The death of Osama bin Laden has increased the calls for ending the war in Afghanistan. President Obama is scheduled to announce the start of military reductions in July, and many are urging a substantial draw-down.

David Cortright’s new book Ending Obama’s War: Responsible Military Withdrawal from Afghanistan (Paradigm) outlines the rationale and strategy for ending the war in a way that enhances security and protects human rights.

“Military disengagement does not mean abandoning the Afghan people,” says Cortright, director of policy studies at Notre Dame’s Kroc Institute for International Peace Studies. “As we reduce our military footprint we must maintain and increase support for civilian programs. Success depends not on the number of soldiers, but on better political leaders, more aid workers, and many more educated Afghans, both men and women.”

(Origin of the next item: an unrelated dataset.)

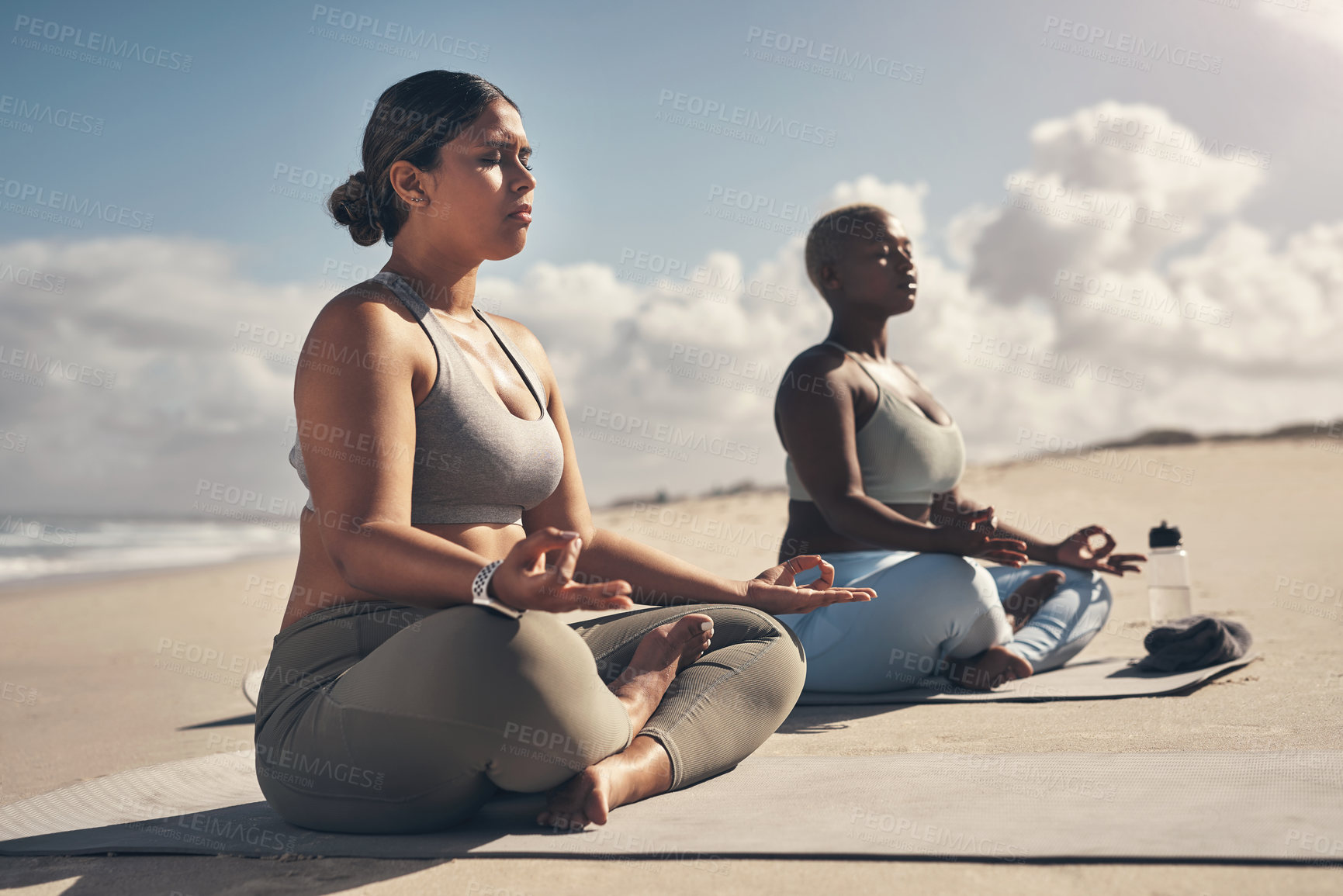 Buy stock photo Shot of two young women meditating during their yoga routine on the beach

The book includes a focus on the women of Afghanistan, who have achieved social, political, and economic advances since 2001. These gains are eroding, Cortright says, as violence intensifies. “The biggest threat to women’s rights is the pervasive insecurity,” Cortright says. “The fighting has to end for women to preserve and expand their rights.”

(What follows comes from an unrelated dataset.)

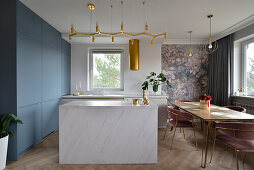 Kitchen with center island and dining area with floral wallpaper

Ending Obama’s War “makes a compelling case for a comprehensive calibrated strategy of military disengagement that offers the U.S. and its partners the most realistic chance of achieving their objectives in Afghanistan and the region,” says former U.S. Assistant Secretary of Defense Lawrence Korb.

The book presents “a balanced, well-documented critique of the war in Afghanistan combined with a thoughtful plan” for withdrawal, writes Lt. General (USA, Ret.) Robert G. Gard, Jr., Ph.D. It is “essential reading for those seeking a new way forward in Afghanistan." 

David Cortright served in the U.S. Army during the Vietnam war before becoming a peace advocate, scholar, and teacher. He is the author or editor of 16 other books, including Peace: A History of Movements and Ideas (Cambridge University, 2008).